The purpose of reviewing is a tricky issue faced by all gaming writers, from those who have a 10-page glossy spread in a mag to the forum-goer who drops the occasional piece in the user review section. It’s something I have to consider all over again for every review that I do. Am I meant to inform, entertain, stir up debate or find a unique position? Should I try to uncover some sort of objective truth in games and lay these facts before the reader, or present my own experiences and forget about the unrealistic goal of impartiality? It’s a topic that I could get a lot of words out of, but that’s for another time.
The catalyst for this little post was a review of Shogun 2, the latest of Creative Assembly’s Total War games, on my favourite web haunt The Escapist. Not having played the full game yet (fun demo though) I can’t judge its accuracy, but I found 99% of it to be quality work, conveying the author’s enthusiasm for the series but unafraid to point out its errors. The only problem I had with it was the score.
Whatever you use, be it a 0-10 scale, stars or some other system, scoring is flawed. It’s probably the most arbitrary section of the review, but when put onto Metacritic it becomes the ultimate barometer of a game’s success, with the aggregated scores from across the gaming press supposedly coming as close to objectivity as is realistically possible.
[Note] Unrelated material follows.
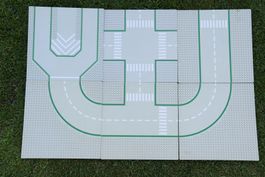 6 graue Lego Strassenplatten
Personally, I dislike scoring. In recent reviews for Gamedot, I gave Magicka an eight out of ten whilst scoring Test Drive Unlimited 2 as a seven. Guess which one I vastly prefer? Test Drive, obviously: I’ll rack up so many more enjoyable hours cruising around Ibiza in my Aston Martin DBS than I will zapping monsters with a fire-lightning-arcane beam (despite its destructive awesomeness). I don’t see this discrepancy as my failure to score things correctly, but as the unfortunate, inevitable result of utilising scoring in the first place.
The Escapist’s Shogun 2 reviewer, despite raising flaws from ‘inconsistent performance to terrible pathfinding to late-game overload’, awarded the game five stars out of five. I’ve no problem with this as such, since the site has always leant to the side of subjectivity, but the review will now be posted as a perfect 100 score on Metacritic, giving a thin veneer of perfection to the game and possibly misleading consumers looking to advice on what to buy. The only way to remove these problems once and for all is to ditch scoring altogether.